** LISTED ENTRIES follows **

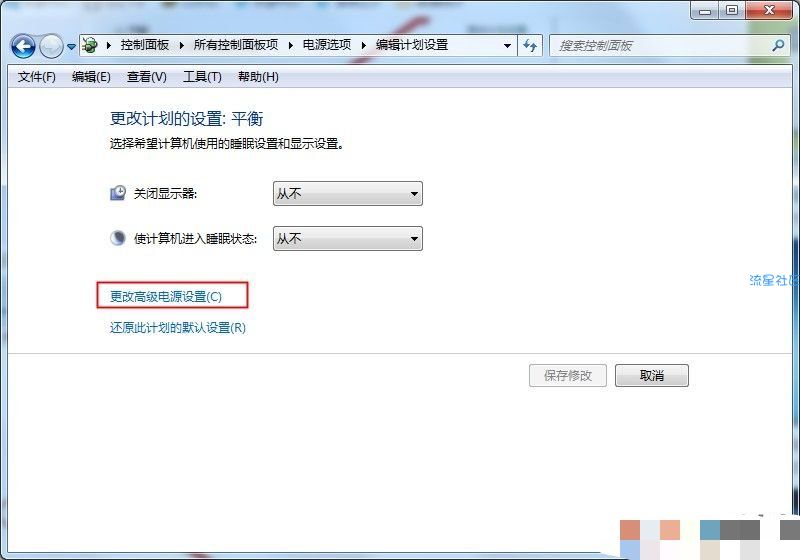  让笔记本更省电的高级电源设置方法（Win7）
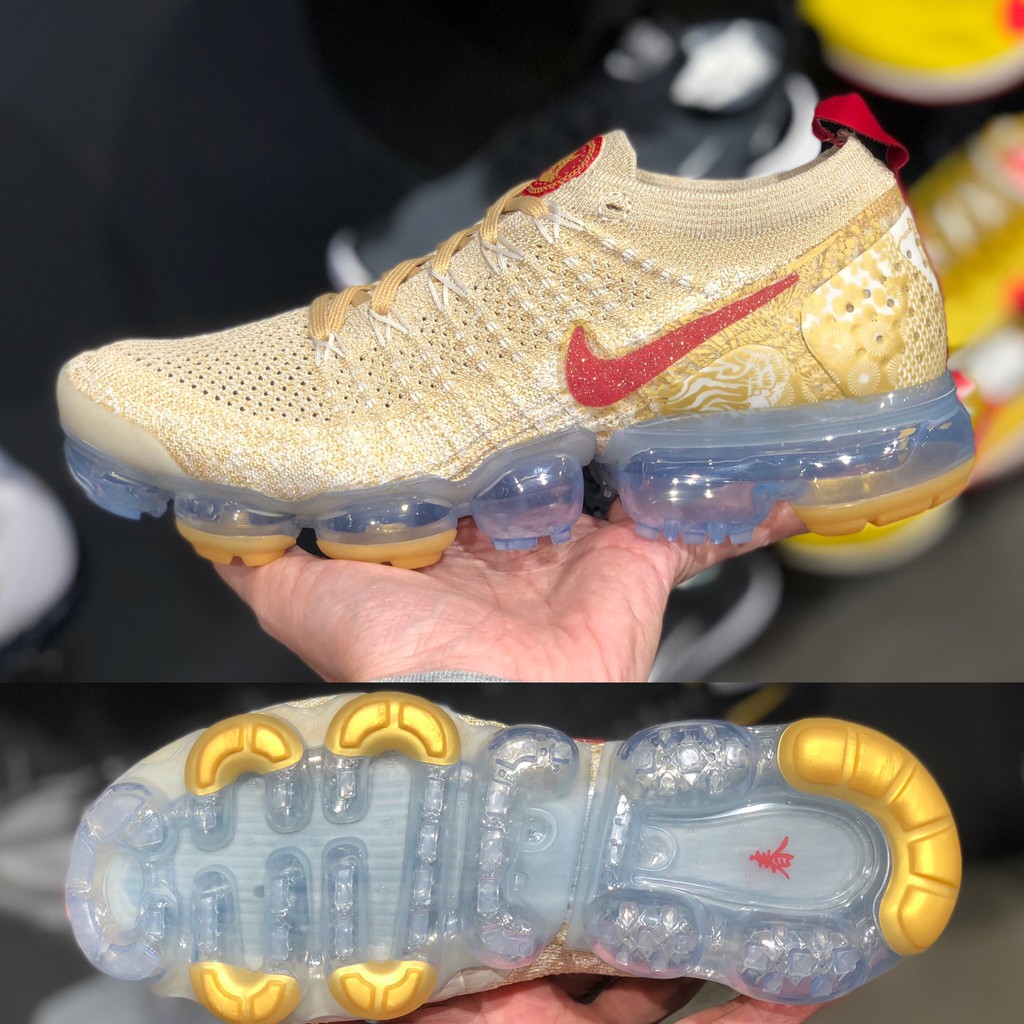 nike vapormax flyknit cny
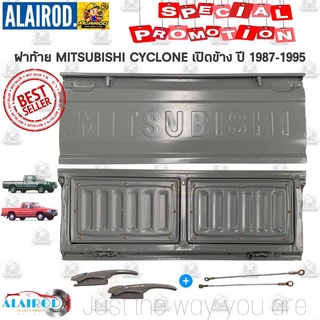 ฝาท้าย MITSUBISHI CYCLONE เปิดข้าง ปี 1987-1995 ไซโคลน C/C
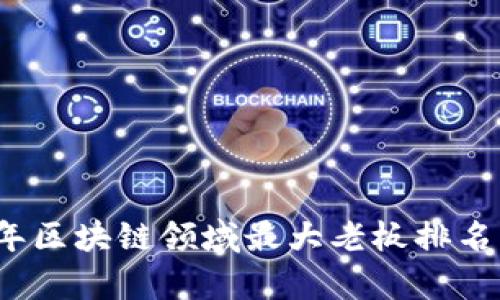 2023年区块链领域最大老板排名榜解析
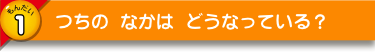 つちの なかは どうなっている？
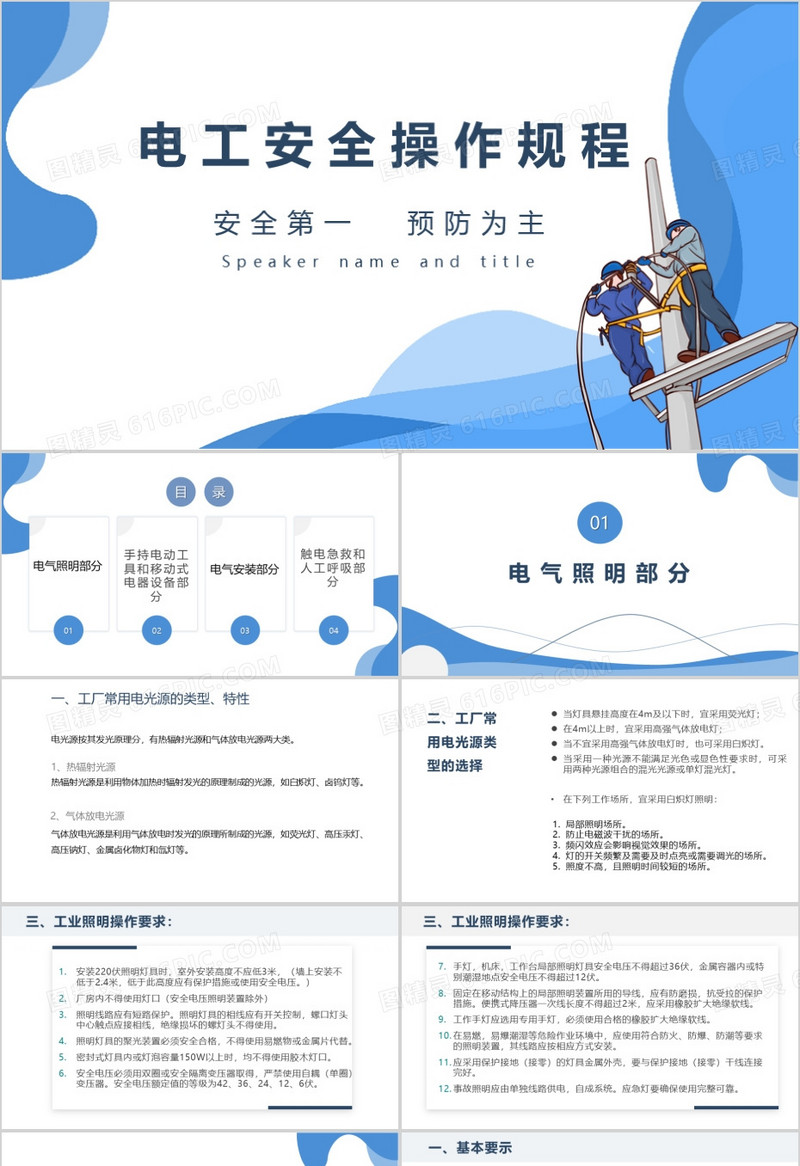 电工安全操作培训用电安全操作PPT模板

** End of LISTED ENTRIES **
** LISTED ENTRIES follows **

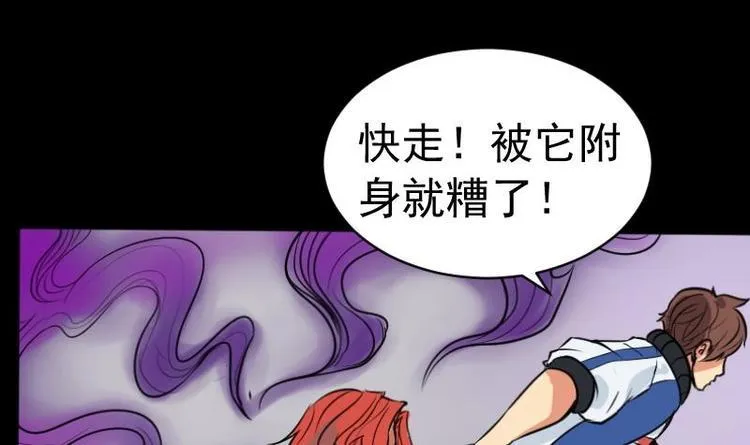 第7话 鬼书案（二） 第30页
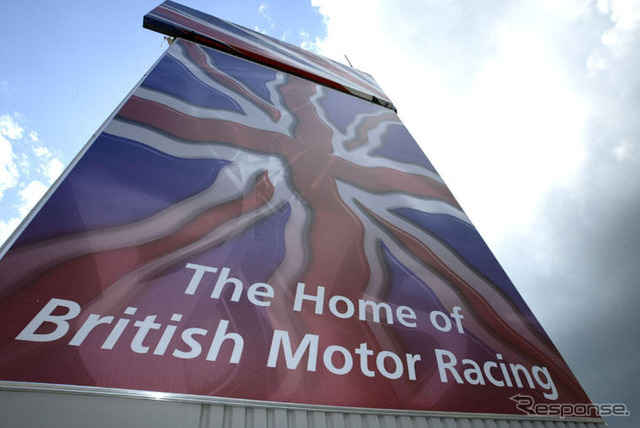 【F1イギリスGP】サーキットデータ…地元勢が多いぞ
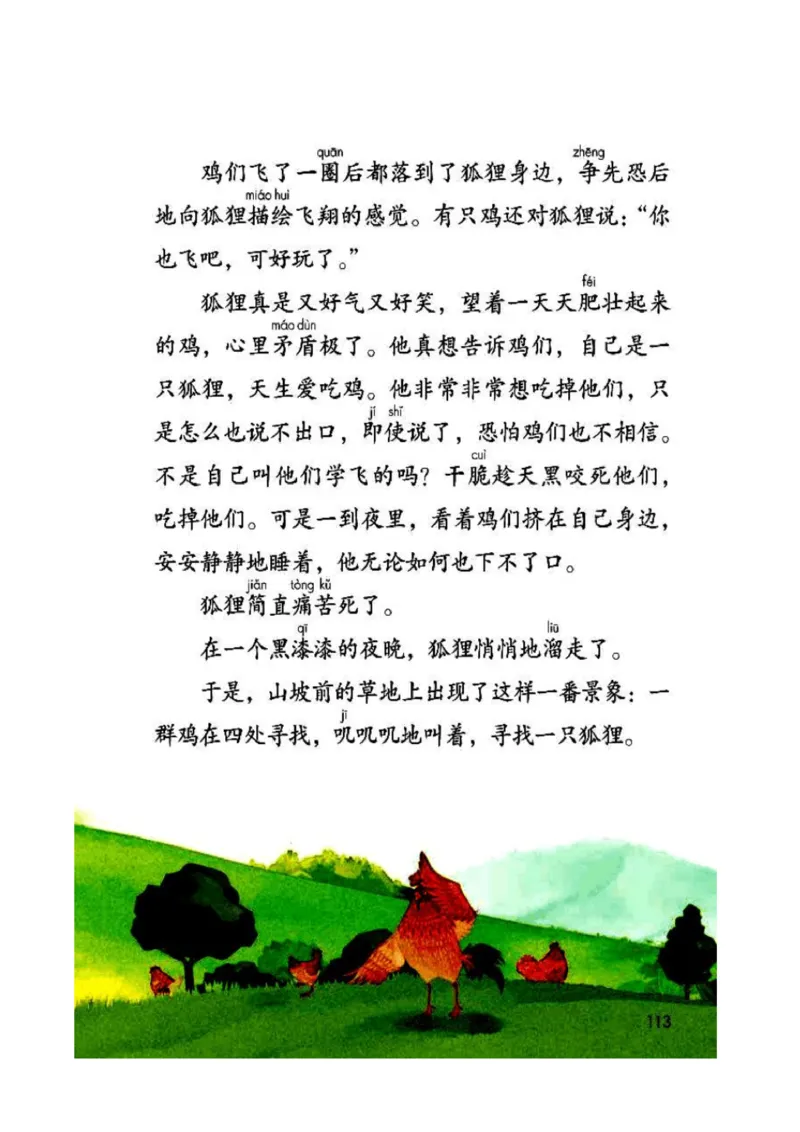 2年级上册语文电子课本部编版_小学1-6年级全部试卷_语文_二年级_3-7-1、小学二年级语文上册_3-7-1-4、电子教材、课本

** End of LISTED ENTRIES **

▸ WHAT YOU WILL DO:
Your copy should hold the lines from the one with "让笔记本更省电的高级电源设置方法（Win7）" up to and including the one with "电工安全操作培训用电安全操作PPT模板", exactly as in the data above, and no pictures.

▸ SOLUTION TO THIS PROBLEM:
  让笔记本更省电的高级电源设置方法（Win7）
 nike vapormax flyknit cny
 ฝาท้าย MITSUBISHI CYCLONE เปิดข้าง ปี 1987-1995 ไซโคลน C/C
 2023年区块链领域最大老板排名榜解析
 つちの なかは どうなっている？
 电工安全操作培训用电安全操作PPT模板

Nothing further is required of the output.